West News Wire: The decades-old animal disease’s original name, monkeypox, has been changed to mpox by the World Health Organization because to concerns that it can be interpreted as discriminatory and racist.
Monkeypox will continue to go by both names for the upcoming year as the previous nomenclature is phased away, according to a statement released by the U.N. health agency on Monday.
The “racist and stigmatizing rhetoric” that developed after monkeypox spread to more than 100 nations disturbed WHO, according to their statement. Numerous people and nations, according to the statement, asked the group “to offer a way forward to change the name.”
Soon after the United Nations agency proclaimed the spread of monkeypox to be a worldwide threat in August, WHO started contacting experts about renaming the illness.
To date, there have been more than 80,000 cases identified in dozens of countries that had not previously reported the smallpox-related disease. Until May, monkeypox, a disease that is thought to originate in animals, was not known to trigger large outbreaks beyond central and west Africa.
Outside of Africa, nearly all cases have been in gay, bisexual or other men who have sex with men. Scientists believe monkeypox triggered outbreaks in Western countries after spreading via sex at two raves in Belgium and Spain. Vaccination efforts in rich countries, along with targeted control interventions, have mostly brought the disease under control after it peaked in the summer.

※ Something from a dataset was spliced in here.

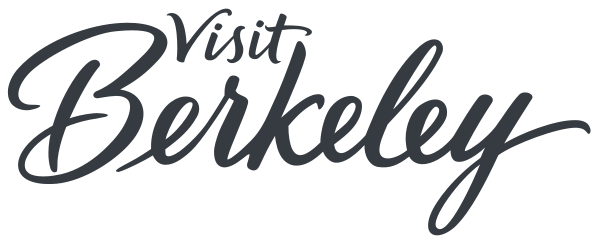 Visit Berkeley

In Africa, the disease mainly affects people in contact with infected animals such as rodents and squirrels. The majority of monkeypox-related deaths have been in Africa, where there have been almost no vaccines available.
U.S. health officials have warned it may be impossible to eliminate the disease there, warning it could be a continuing threat mainly for gay and bisexual men for years to come.
Mpox was first named monkeypox in 1958 when research monkeys in Denmark were observed to have a “pox-like” disease, although they are not thought to be the disease’s animal reservoir.
Although WHO has named numerous new diseases shortly after they emerged, including Severe Acute Respiratory Syndrome, or SARS and COVID-19, this appears to be the first time the agency has attempted to rechristen a disease decades after it was first named.
Numerous other diseases, including Japanese encephalitis, German measles, Marburg virus and Middle Eastern Respiratory Syndrome have been named after geographic regions, which could now be considered prejudicial. WHO has not suggested changing any of those names.